La historia ha venido a confirmar la fama de las extraordinarias condiciones físicas, intelectuales y morales que desde siempre habían atribuido los panegiristas a Juan Duns Escoto. Es sabido que, según las leyes canónicas de la época, se exigían 18 años para la admisión de candidatos a la Orden, a excepción del caso en que la salud corporal y las cualidades intelectuales y morales del candidato, a juicio de los superiores competentes, les permitieran ser admitidos a los 15 años. Este fue el caso de nuestro Juan, como se certifica en el registro oficial de la Orden franciscana.

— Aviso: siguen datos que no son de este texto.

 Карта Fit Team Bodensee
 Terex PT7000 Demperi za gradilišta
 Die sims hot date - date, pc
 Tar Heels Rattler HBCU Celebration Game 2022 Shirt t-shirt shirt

Duns Escoto ingresó poco tiempo después de la muerte de san Buenaventura (1274), que durante 17 años había gobernado la Orden de san Francisco como superior general, siendo considerado con toda propiedad su segundo fundador. Con las Constituciones de Narbona, Buenaventura dio a la Orden una estabilidad y uniformidad jurídicas que le aseguraron un porvenir firme y lleno de vitalidad ante las dificultades internas y externas que la amenazaban. Debido a su gran prestigio personal como doctor de la Universidad de París y por su doctrina teológica y mística con una producción literaria enorme, fue también el fundador de la llamada «Escuela franciscana».

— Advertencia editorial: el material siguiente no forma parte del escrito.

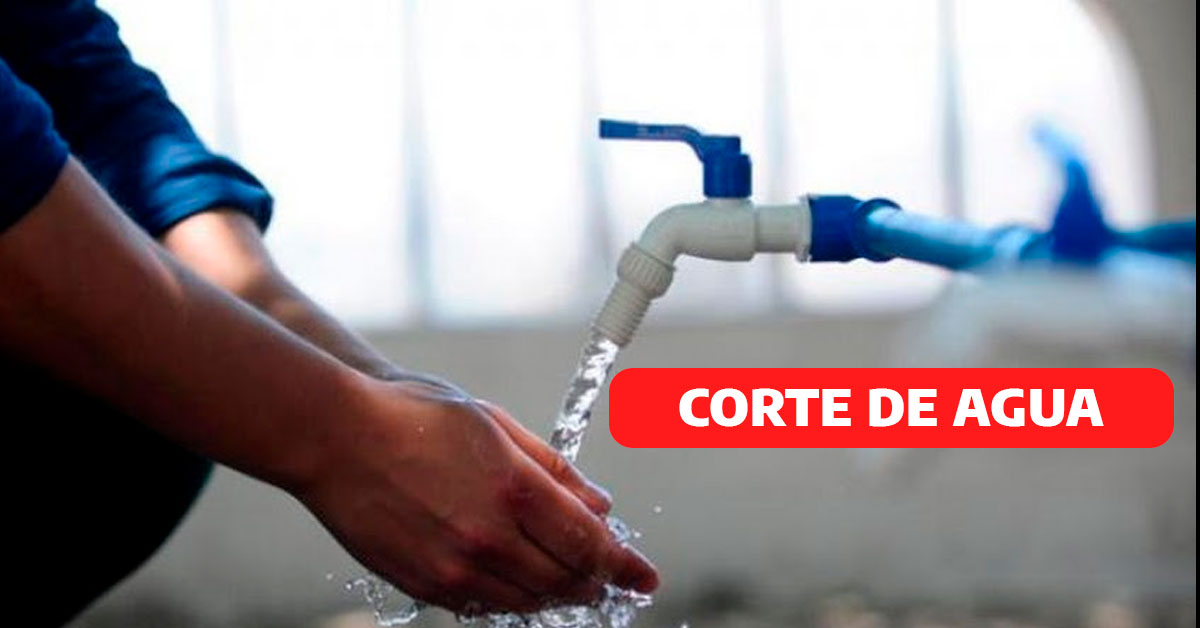 SIN AGUA hasta por 12 horas el 20 de febrero: ¿Qué distritos se verán afectados, según Sedapal?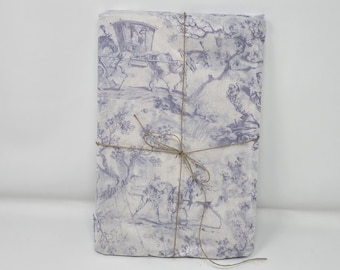 English Countryside Quality Vintage Printed Tissue Paper x5 -  Shabby Chic Country Style Gift Wrap Vintage Gift Wrapping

Acababa de morir, pues, el fundador de esta escuela y entraba a formar parte de ella Juan Duns Escoto que, con su sutileza, perspicacia intelectual y santidad de vida, sería el maestro definitivo indiscutible. En la ciudad de Duns, Juan había seguido los primeros pasos; en Addington aprendió las primeras letras y en Dumfries, a los quince años, emprendió una ruta que en el transcurso de 28 años lo llevaría -pasando por la escuela de san Francisco y de san Buenaventura y por las aulas y cátedras de la universidad- a ser reconocido universalmente como el Doctor Sutil y Mariano.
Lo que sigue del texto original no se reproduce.